而包裹函数setup_irq的上锁过程如下。

int setup_irq(unsigned int irq, struct irqaction *act)
{
    int retval;
    struct irq_desc *desc = irq_to_desc(irq);

    if (WARN_ON(irq_settings_is_per_cpu_devid(desc)))
        return -EINVAL;
    chip_bus_lock(desc);
    retval = __setup_irq(irq, desc, act);
    chip_bus_sync_unlock(desc);

    return retval;
}

两者的区别在于使用阶段,在没有slab初始化之前,只能用setup_irq,因为这个时候如果调用kmalloc申请irqaction ,必须是在slab

初始化之后,包括mem_init以及kmem_cache_init。

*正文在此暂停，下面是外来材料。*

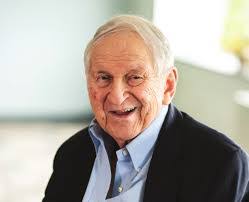 Randy Boula's Instagram, Twitter & Facebook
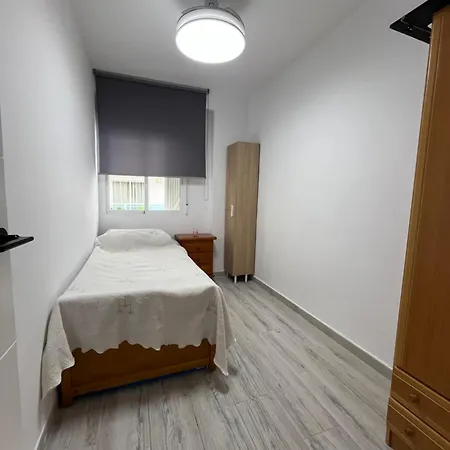 Casa Paco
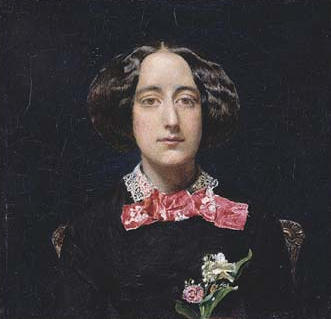 Emily Patmore — Sir John Everett Millais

但是对于time_init来说,它位于mem_init代码之前,所以time_init触发的时钟驱动的初始化和注册中断处理函数就没法使用kmalloc来

申请irqaction ,除此之外,并不是所有的中断都可以被线程化,比如时钟中断,主要用来维护系统时间以及定时器等,其中定时器是操作系统的脉搏,一旦被线程化,就有可能被挂起,

有些级联的interrupt controller对应的IRQ也是不能线程化的,所以request_threaded_irq和setup_irq将是一个长期并存的过程,不能线程化的中断具有_IRQ_NOTHREAD标志。

言归正传,下面看__setup_irq 返回出错的地方:

static int
__setup_irq(unsigned int irq, struct irq_desc *desc, struct irqaction *new)
{
    struct irqaction *old, **old_ptr;
    unsigned long flags, thread_mask = 0;
    int ret, nested, shared = 0;
    cpumask_var_t mask;

    if (!desc)
        return -EINVAL;

    if (desc->irq_data.chip == &no_irq_chip)
        return -ENOSYS;--------------返回出错的地方

error.h中
#define ENOSYS 38 /* Function not implemented */

在过去,我们会以IRQ number为index,从irq_desc这个全局数组中直接获取中断描述符。由于我们使能了CONFIG_SPARSE_IRQ,现在则需要从radix tree中搜索使用radix数来存储中断,会减少一些内存占用,所以下面就需要重点分析,为什么这个中断没有初始化chip信息了。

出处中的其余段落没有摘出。